Wednesday, April 11, 2007

Greenwell Responds to School Board - "Size of School Too Large"

The following is another excerpt from an editorial in the Birmingham Eccentric, April 1, 2007, from School Board President, Steve Weiss, in response to Don Greenwell, Jr. Editorial published March 25, 2007. Below each excerpt is Mr. Greenwell, Jr’s position.

So let's factually address the question, is this proposal reasonable in size and cost? The district has gone to extraordinary lengths to provide meaningful analysis. Rather than rely on superficial statistics such as "Midwest averages," we have provided detailed comparisons pertinent to Bloomfield Hills Schools.
Importantly, we selected districts in our state with enrollments similar to our district. The key factor in these comparisons is enrollment. Obviously, one cannot fairly compare the cost per square footage, or the square footage per student of a 2,000-student school with that of a 1,000-student school, since certain large space allocations are necessary for both, such as media centers, computer centers, auditoriums, gyms, locker rooms, cafeterias, etc.
Our community has told us loud and clear that it values and desires to maintain two small, safe schools. The plan to rebuild Andover and Lahser on their current sites is within the average range for schools of our size. That is fact.

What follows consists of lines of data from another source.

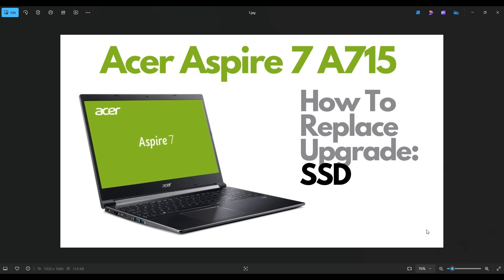Hello everyone, my name is Jamin. Thanks so much for visiting my channel. In this video I have an Acer Aspire 7 A715 series computer.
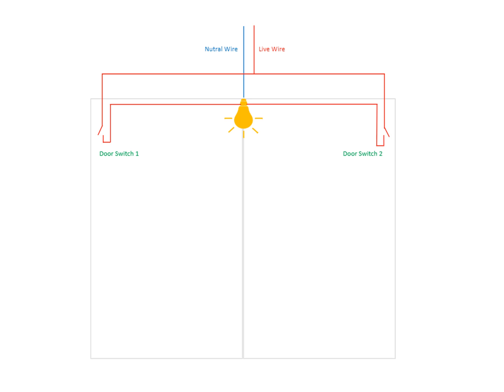And both wires - the live wire - just split into two for switch one and switch two, and go directly to the bulb. I hope this diagram is very easy for you to understand.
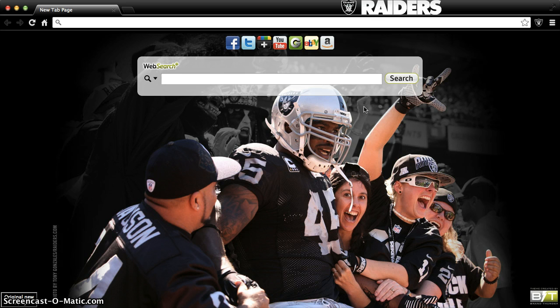For the purpose of this demonstration, we will show you exactly how to change the preferences as they pertain to the Web Search Plus search enhancements. Web Search Plus is integrated into all of our themes to help raise money for theme development and support, allowing us to keep these themes free for our users to download and enjoy.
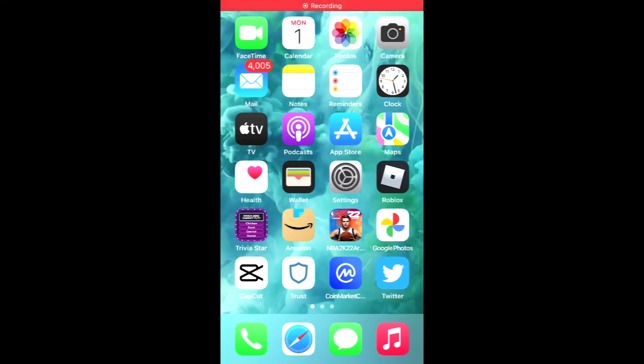Hello, welcome to Everything YouTube. I'm your host Jason. In this video, I'll be showing you how to buy Surge INU token on Trust Wallet on your iPhone.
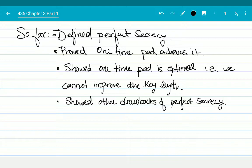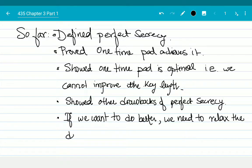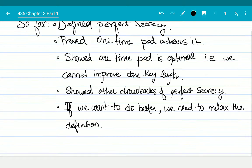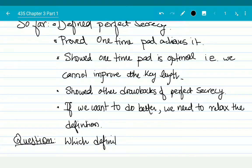Now the question is: we want to do better somehow. So how do we do better? If we want to do better, we need to relax the definition. The question is: which definition to relax, and how?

Mr. Greenwell, Jr. Responds:

Let us look at fact that is supported by real data. In any benchmarking, it is imperative to see how the proposal stands up to a variety of statistics. According to the 11th Annual School Planning & Management Report, on average in the Midwest, our proposed high schools are well above these values, utilizing a median schools size of 1,025 students. In the contested article, it is acknowledged that Bloomfield Hills is not average. However, our proposed high schools exceed even the top 10% in the entire nation, in fact 28% larger. In addition, on a cost per student basis, we are almost double the top 10% in the nation (not average!).

But the district has hand-selected projects with enrollments “similar” to our district. A review of these similar districts shows that they identified only 6 high schools to make their case, up to 9 years old, and stretching all the way to Grand Rapids. Allowing the district license to “cherry-pick” favorable schools, and to escalate construction costs over that time frame (an expertise not usually associated with school districts) a close review shows that the average cost per student is $49,000 for a new high school. Our proposed high schools will cost $72,000 per student to build, yet not one of the identified schools, which purportedly support the district’s case, is as expensive as the Bloomfield Hills proposal!

Somehow Mr. Weiss is able to proclaim that the $72,000 per student that Bloomfield Hills taxpayers will fund is “within the average range for schools of our size”. It is readily apparent that it is not a fact - this time using his term "average" - $72,000 is not within the average range of $49,000!